The Chief of Staff contemplated a sparrow flitting through the palm fronds in the lobby.
“Be there to bring her home.”
At the back of his mind Amancio heard the lyrical cadences of Canaro’s “Poema” and saw himself dancing again with Dolores, her brow resting against his cheek as their bodies sought stratospheric synchrony.
“Yes, sir,” he said.

As he turned to go, the President strolled into the room, relaxed and urbane, and their eyes met. He put an arm across Amancio’s shoulder and drew him aside.
“Amancio. Good to see you,” he said quietly. “What do you know about the Hotel Fakir?”

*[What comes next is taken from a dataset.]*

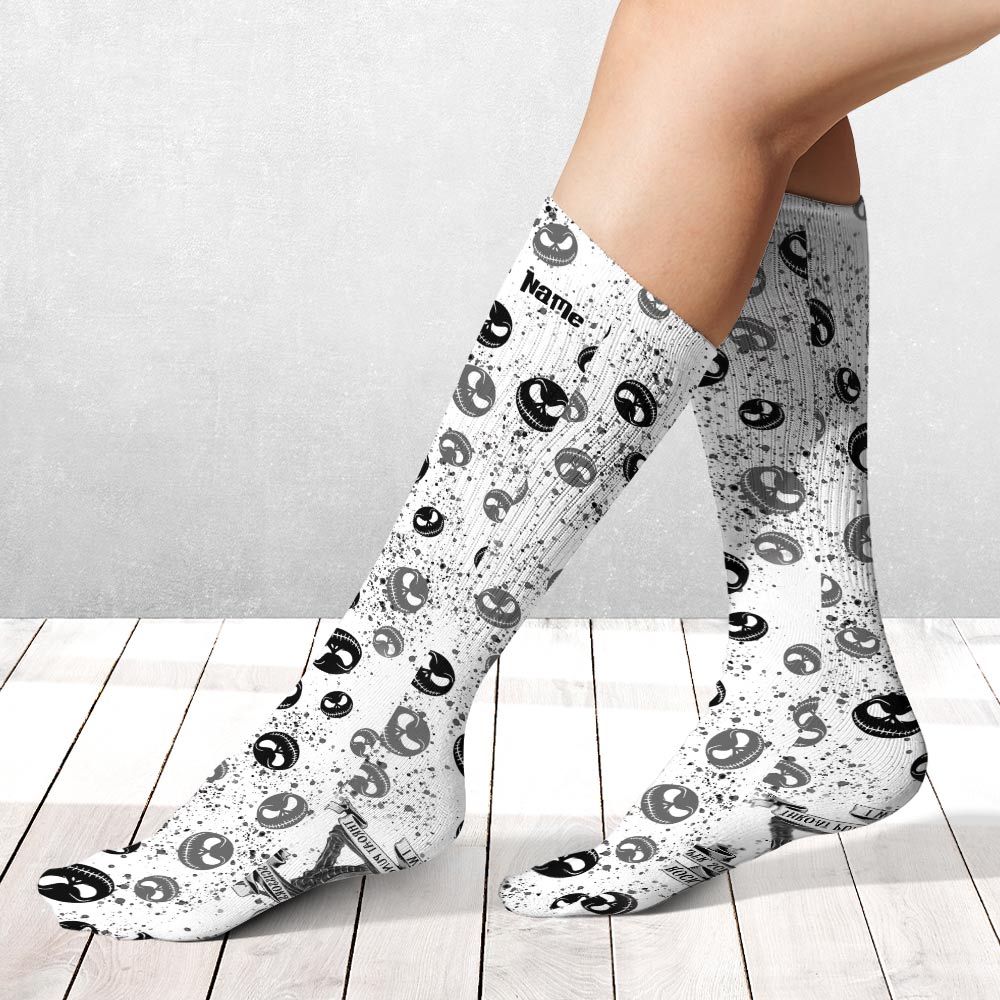 Personalized Rock Paper Scissors Nightmare Socks Custom Name Gift Socks GradoCreations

Amancio thought for a moment. “Mr. President, the Hotel Fakir was a tango salon in Charleston, South Carolina, destroyed by arson some months ago. Dolores was a dance instructor down there; we met at the Hotel Fakir.”
“Yes,” said the President, “Mademoiselle Quiroga told me her father tended bar at the Fakir. He died in the blaze. The FBI and State are on the case, now reporting through you. You will tell me what’s going on. And Amancio,” he added, lowering his voice, “Like you, I like Dolores. Keep her out of this if you can.”
Amancio nodded, and his phone buzzed as the President moved on. The screen said Dolores. Amancio thought for a moment, and by the time he picked up, she was gone. He texted “6 pm, Four Seasons.” First thing next morning, back on the Gulfstream, songbirds paid off, Charleston would be front and center. He was on the case.